Kathedrale von St. Paul, Macau. Author Whhalbert. Licensed under the Creative Commons Attribution-Share Alike
Kathedrale von St. Paul, Macau. Author Whhalbert

Macau 1997

Verfasst von Dietrich Köster

Das chinesische Territorium unter portugiesischer Verwaltung – 65 km westlich von Hongkong gelegen – ist jetzt nicht nur mit dem Tragflügelboot (jactoplanador/jetfoil) von Hongkong aus in einstündiger Fahrt zu erreichen, sondern auch auf dem Luftweg. Am 08. Dezember 1995 wurde der Internationale Flughafen Macau in Betrieb genommen. Das Gelände für die Start- und Landebahn ist durch Aufschüttung dem Südchinesischen Meer abgerungen worden. Der Flughafen dient nicht nur als Umsteigestation den Flugreisenden aus Taiwan, die die Volksrepublik China besuchen wollen, sondern auch als Sprungbrett von Südostasien in viele Regionen Festlandchinas.

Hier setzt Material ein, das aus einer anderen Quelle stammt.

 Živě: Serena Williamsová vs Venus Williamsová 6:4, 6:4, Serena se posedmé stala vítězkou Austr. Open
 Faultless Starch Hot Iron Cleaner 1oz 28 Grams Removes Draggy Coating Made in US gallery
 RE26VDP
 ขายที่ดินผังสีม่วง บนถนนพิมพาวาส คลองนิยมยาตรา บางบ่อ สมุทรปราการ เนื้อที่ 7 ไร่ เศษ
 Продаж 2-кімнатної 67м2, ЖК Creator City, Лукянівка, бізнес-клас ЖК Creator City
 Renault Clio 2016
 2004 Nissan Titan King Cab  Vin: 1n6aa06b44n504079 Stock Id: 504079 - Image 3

Die Verbindung mit Europa stellt die portugiesische Fluggesellschaft TAP – Air Portugal durch zwei wöchentliche Flüge von Lissabon nach Macau und zurück her. Daneben gibt es verschiedene europäische Fluggesellschaften, die Frachtflüge nach hier durchführen.

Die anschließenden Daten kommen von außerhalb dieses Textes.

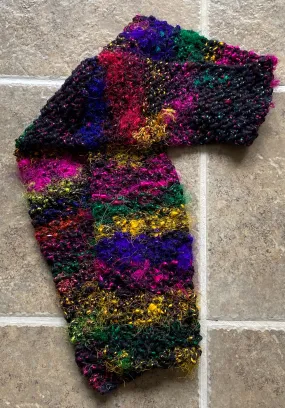 Knit Scarf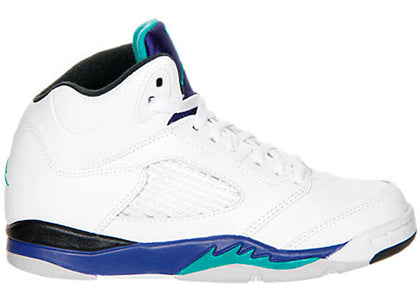 Jordan 5 Retro Grape (2013) (PS) - authentic Jordan sneakers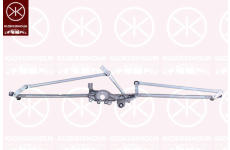 Tyčoví stěračů KLOKKERHOLM 50533270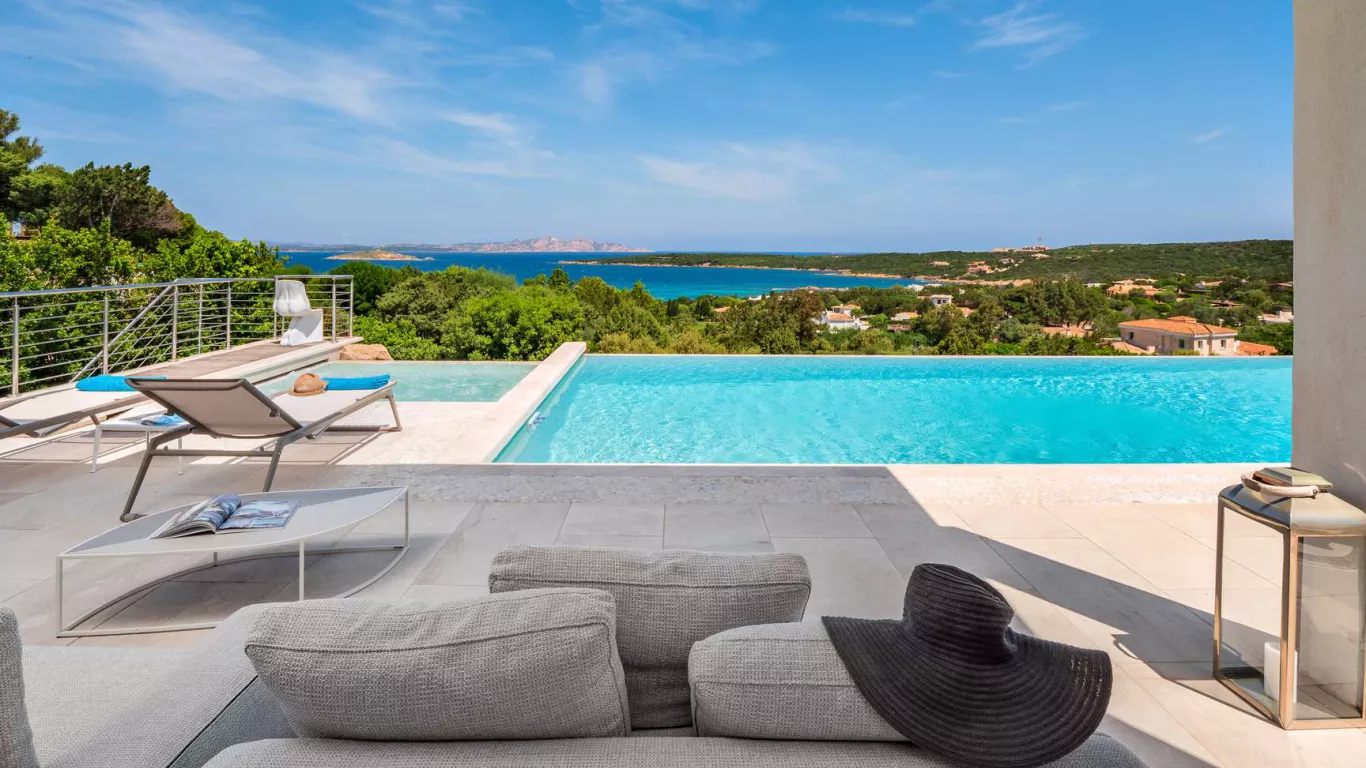 Villa Nia | Sardinia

Vom Empfangsgebäude auf der Insel Taipa – eine der beiden dem eigentlichen Macau vorgelagerten Inseln – führt eigens eine neue Brücke zum festländischen Teil Macaus. Schon von weitem grüßt das neue Wahrzeichen Macaus, der Hochhausturm der Bank of China, eine der beiden Notenbanken des Territoriums. Daneben nimmt sich das Hotel de Lisboa – früher ein markanter Punkt der Stadtlandschaft – bescheiden aus. Macau ist in den letzten fünfzehn Jahren Hongkong immer ähnlicher geworden. Zahlreiche Hochhäuser beherrschen heute die Stadtsilhouette. Banken, Spielbanken, Versicherungsgesellschaften und andere Dienstleistungseinrichtungen bestimmen stark die Beschäftigungsstruktur der Bevölkerung Macaus. Mit 97% der Einwohner stellen Chinesen die überwältigende Mehrheit, gefolgt von 2% Portugiesen.

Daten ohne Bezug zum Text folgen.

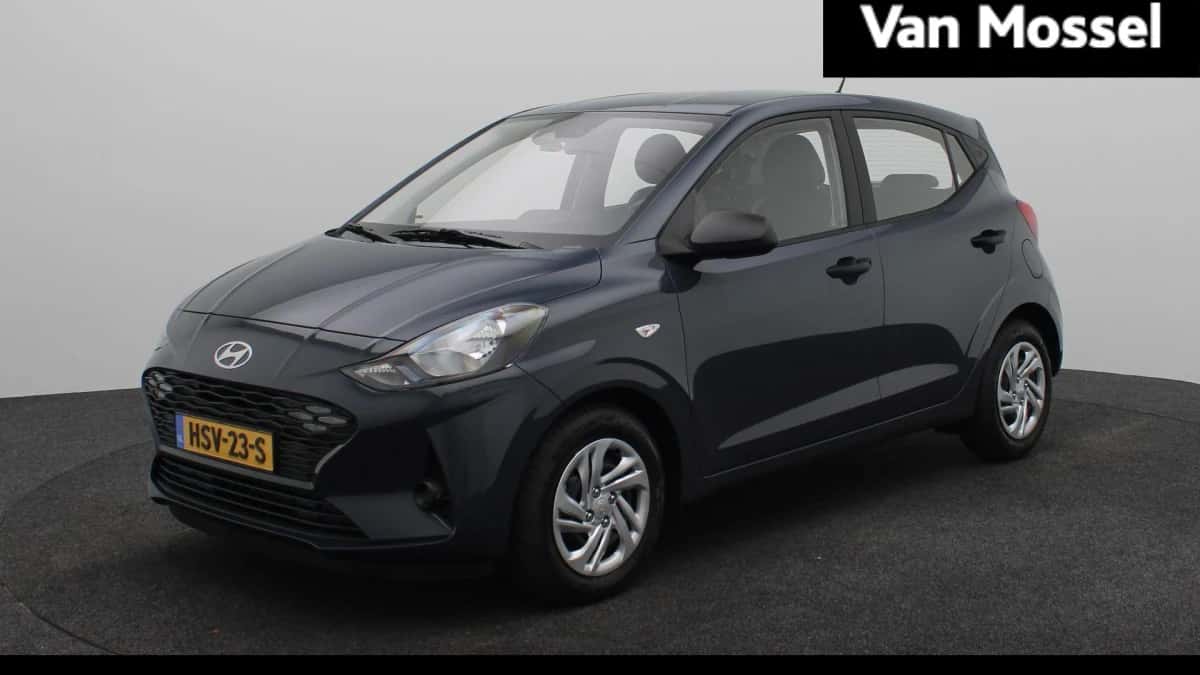 Hyundai i10 — foto 1
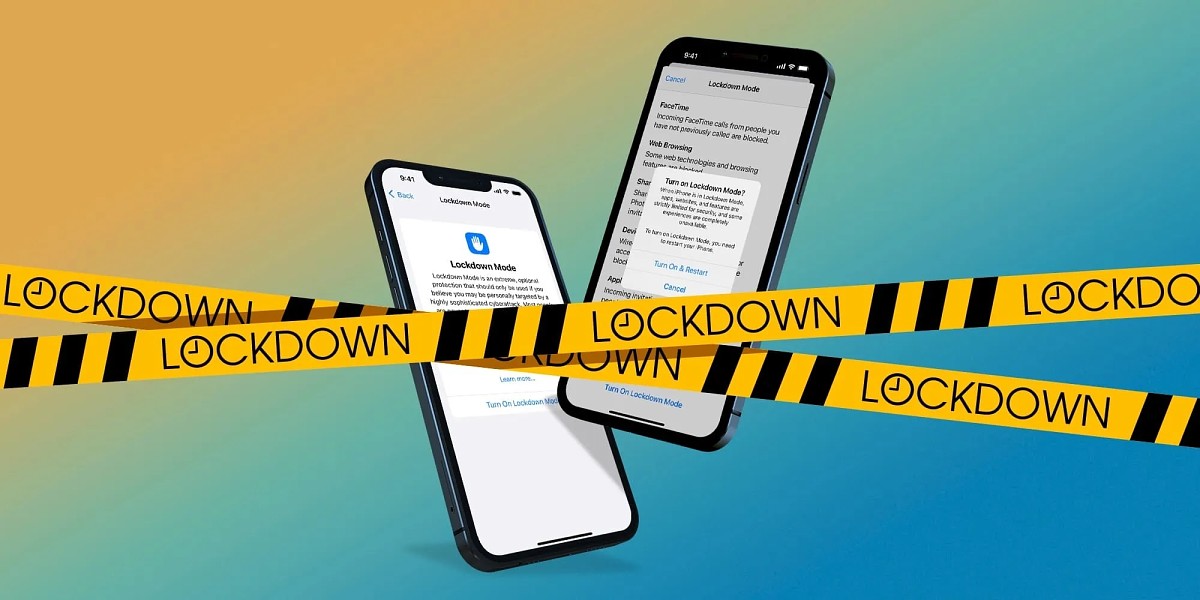 اپل Lockdown Mode برای iOS 16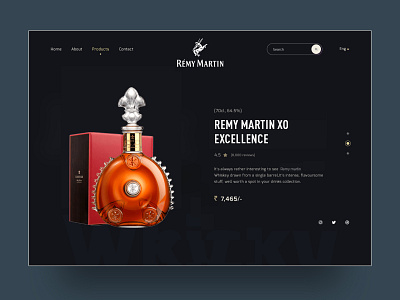 Remy Martin PDP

Letztgenannte sind häufig aus Portugal auf Zeit entsandt, um in der öffentlichen Verwaltung und im Schulwesen tätig zu sein. Bis 1991 war Portugiesisch die einzige Amtssprache. Seit diesem Jahr besitzt Chinesisch den gleichen Status. Während in der Praxis eine Verständigung auf Chinesisch überall möglich ist, besteht diese Möglichkeit auf Portugiesisch nur in eingeschränktem Maße, da Englisch als Geschäftssprache der Amtssprache europäischen Ursprungs allein schon aufgrund der Nähe zu Hongkong Konkurrenz macht. Hier hat die portugiesische Verwaltung von Macau in der Vergangenheit viel versäumt. Nur in den wenigen portugiesischen und luso-chinesischen Schulen ist Portugiesisch Unterrichtssprache bzw. Pflichtfach. In den zahlreichen chinesischen Schulen wird Portugiesisch nur als Wahlfach angeboten. Trotzdem sind alle öffentlichen Bekanntmachungen und Beschilderungen – auch der Geschäfte – stets in beiden Amtssprachen gehalten. Dem inzwischen erkannten Mißstand versucht die Verwaltung in den letzten Jahren durch verstärkte Ausbildung von Portugiesischlehrern gegenzusteuern. In der Erwachsenenbildung versuchen das Centro de Difusão de Línguas und das Instituto Português do Oriente den mangelnden Portugiesischkenntnissen der Bevölkerung abzuhelfen.

Am 20. Dezember 1999 wird nach dem Vorbild von Hongkong Macau als „Besondere Verwaltungsregion“ an die Volksrepublik China übergeben. Der zwischen Portugal und der VR China 1987 abgeschlossene Vertrag sieht eine Beibehaltung des bisherigen politischen, wirtschaftlichen und kulturellen Systems für weitere 50 Jahre vor, so daß erst im Jahre 2049 eine Angleichung an Festlandchina erfolgen dürfte. Die am 22. Juni 1997 durchgeführten Kommunalwahlen waren die letzten vor der Übergabe des Territoriums an China.

Die sogenannte Lokalisierung bezweckt den Ersatz portugiesischer Verwaltungsfachkräfte durch Macau-Chinesen, die im Hinblick auf die Übernahme von Spitzenpositionen in der öffentlichen Verwaltung zur Zeit fortgebildet werden.